Isabel Bayon, qui a reçu le 20 novembre 2013 le prestigieux "Premio Nacional de Danza" en Espagne, est aussi la lauréate du prix de la critique du Festival de Jerez pour "Caprichos del tiempo". Un spectacle dont nous avions dû occulter la première l'an dernier au Festival de Jerez car il avait lieu au même moment que le récital d'Agujetas et de son fils à Rota. En ayant entendu dire tant de bien, nous en attendions beaucoup.
Isabel Bayon est une remarquable danseuse qui a été bercée depuis la plus tendre enfance par le son des catagnettes de l'école Sévillane. Sa robe de princesse, c'était une bata de cola. Cette nostalgie l'a peut-être conduite à sa nouvelle création "Caprichos del tiempo" - Les caprices du temps.
De nouveau un spectacle sur le thème du temps qui passe, et sur ce qui reste du flamenco d'antan, son intemporalité. Isabel Bayon ne perd rien de ses racines, des bases de l'école Sévillane qu'elle a apprises auprès de Matilde Coral, mais elle ose aussi s'éloigner de la tradition avec une farruca particulièrement originale sur la musique de Sabicas. Sa danse est fluide et légère, précise, très connectée à la musique. Elle ne quittera la scène qu'une seule fois au cours de la représentation.

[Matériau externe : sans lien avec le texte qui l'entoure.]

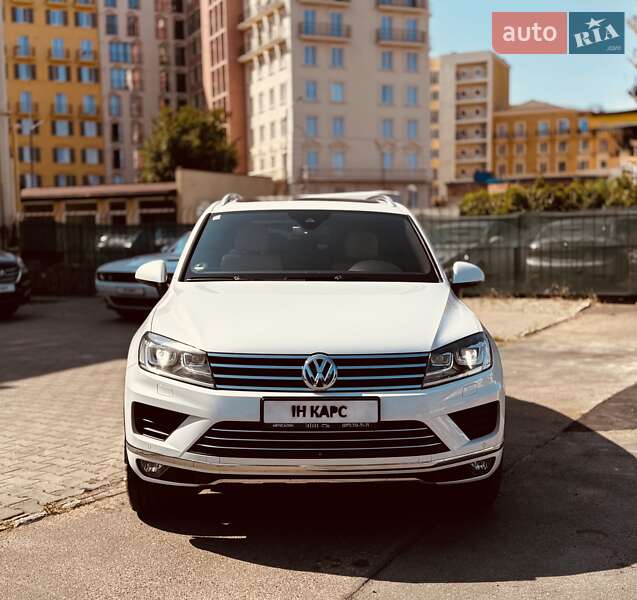 Позашляховик / Кросовер Volkswagen Touareg 2016 в Одесі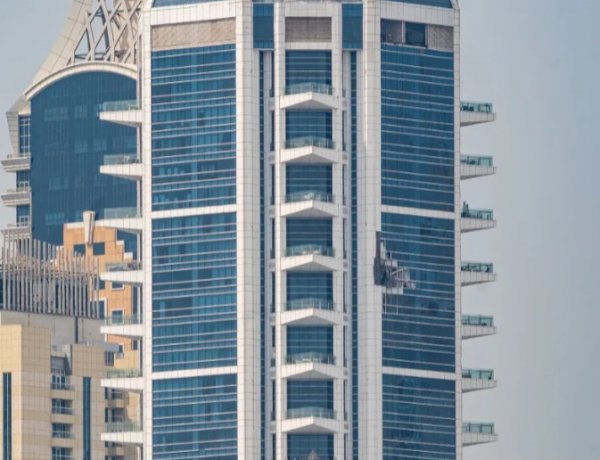 تصعيد الهجمات الإيرانية في المنطقة.. الإمارات تتصدى لتهديدات الصواريخ والطائرات المسيّرة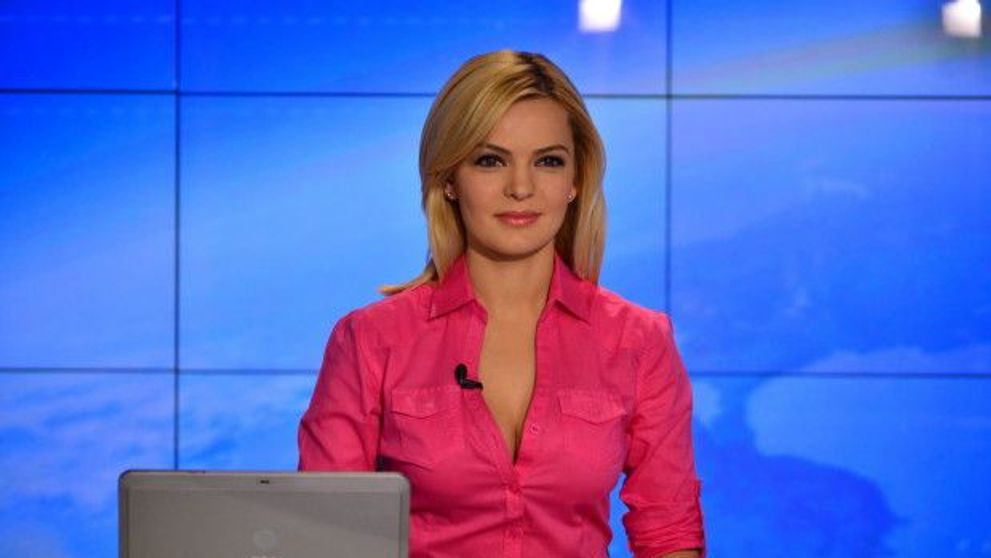 Lavinia Petrea, o zi frumoasa incepe de dimineata. Prezentatoarea Stirilor ProTV de la ora 7:00 este pasionata de machiaj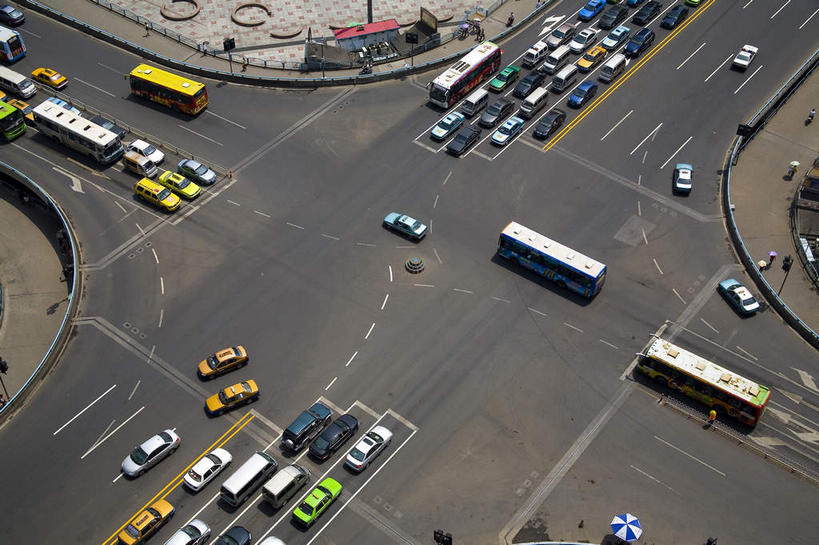 无人,横图,俯视,航拍,室外,白天,度假,美景,城市风光,城市,道路,路,公路,汽车,中国,亚洲,一排,许多,阴影,曲折,弯曲,整齐,并列,并排,光线,影子,景观,分界线,停车线,交通,很多,娱乐,车,排列,阳光,交通工具,轿车,享受,休闲,景色,放松,蜿蜒,车行道,车行道分界线,鸟瞰,队列,载具,标线,平行,东亚,车行线,湖南,湖南省,中华人民共和国,省会,华中地区,长沙,长沙市,湘,马路,彩图,高角度拍摄,芙蓉区,贺龙体育场,湖南省劳动人民体育场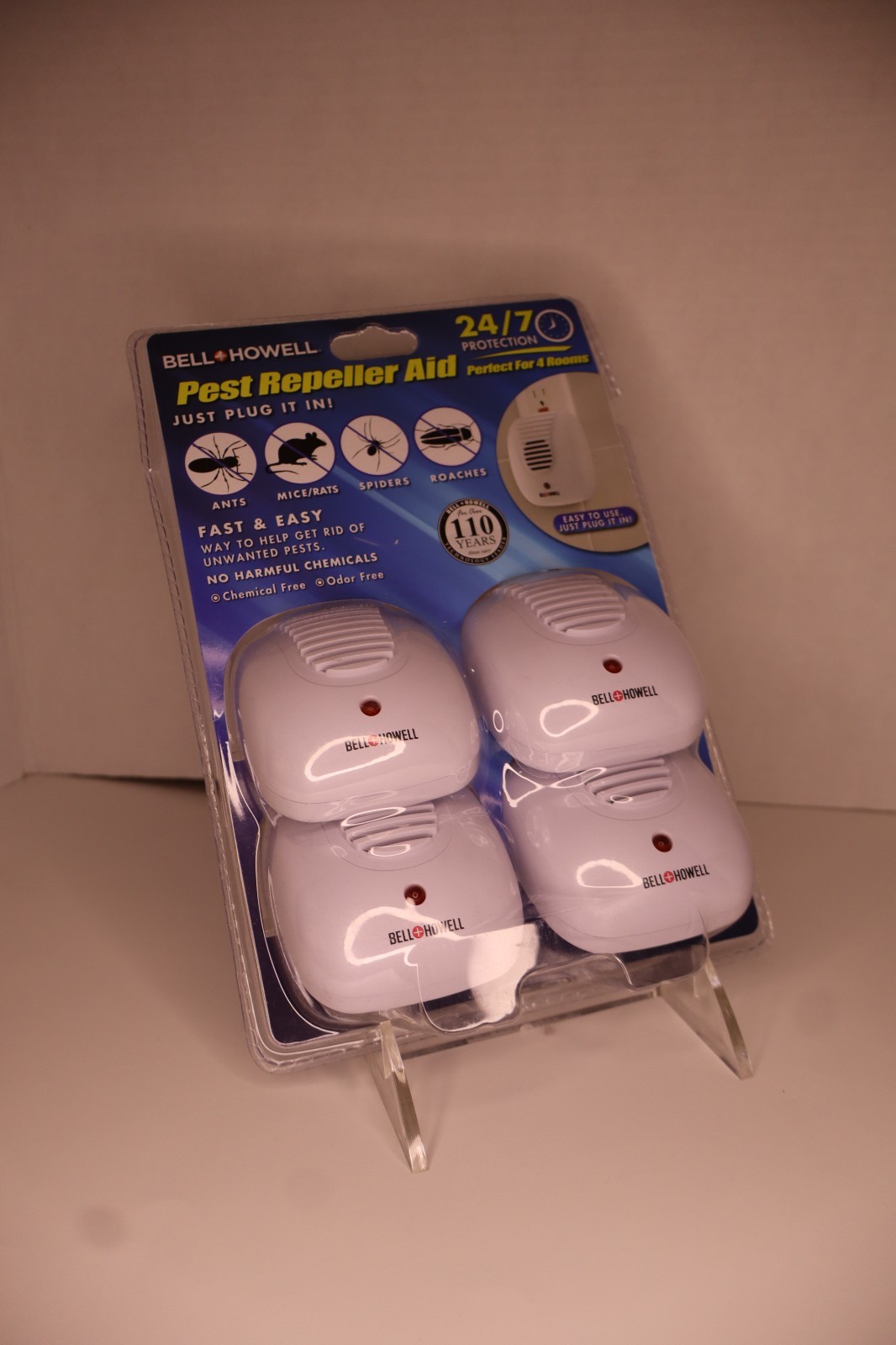 Brand New 4 Pack of Bell and Howell Plug-in Pest Repellant Aids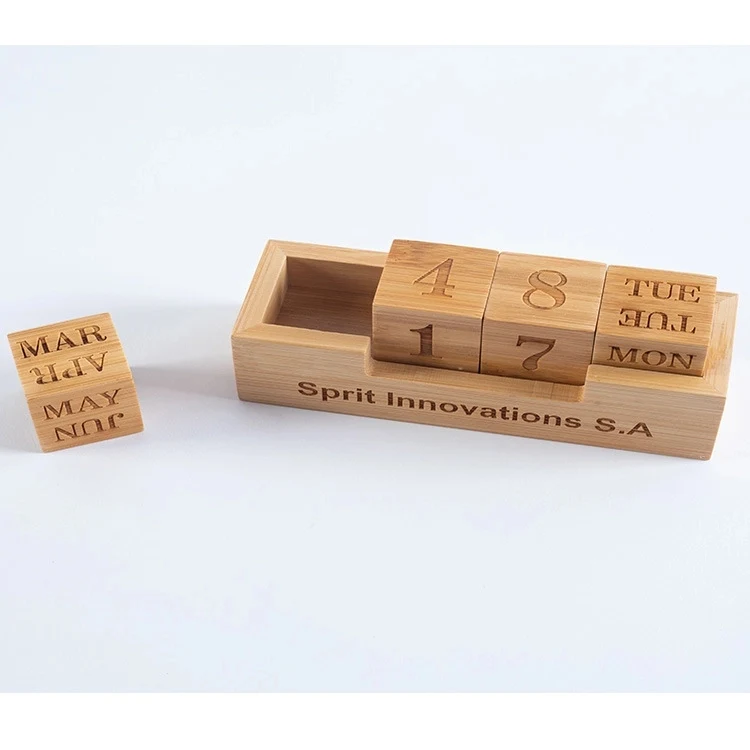 Creative wooden calendar 1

Un très beau spectacle auquel il semblait pourtant manquer quelque chose, mais l'on ne saurait dire quoi. Peut-être une cohésion dans le groupe de musiciens qui ne semblait pas si à l'aise. Peut-être aussi un manque d'originalité dans les remates de la danseuse - bras en l'air et main ouverte - qui pouvait rendre certains passages monotones.
Au final une création sobre, sans artifices, sans mise en scène démesurée, avec un éclairage intimiste. Pour compenser le petit budget alloué à la création du spectacle, Isabel avait en effet décidé de faire une proposition minimaliste pour le Festival de Jerez. La musique est faite maison, par son mari le guitariste Jesus Torres, et elle porte la même robe pendant la plus grande partie de la soirée. Au fil des bailes elle rend hommage aux maestros qui pour la plupart ne sont plus parmi nous, à Mario Maya par exemple, en dansant assise sur une chaise.
Des marquages sonores qui rappellent le tic-tac d'une horloge que l'on entendait déjà au début de spectacle reviennent hanter le spectateur. Le temps continue de filer, mais le flamenco lui, est toujours là. Et le public aussi, qui réserve une ovation à la danseuse après l'alegria finale.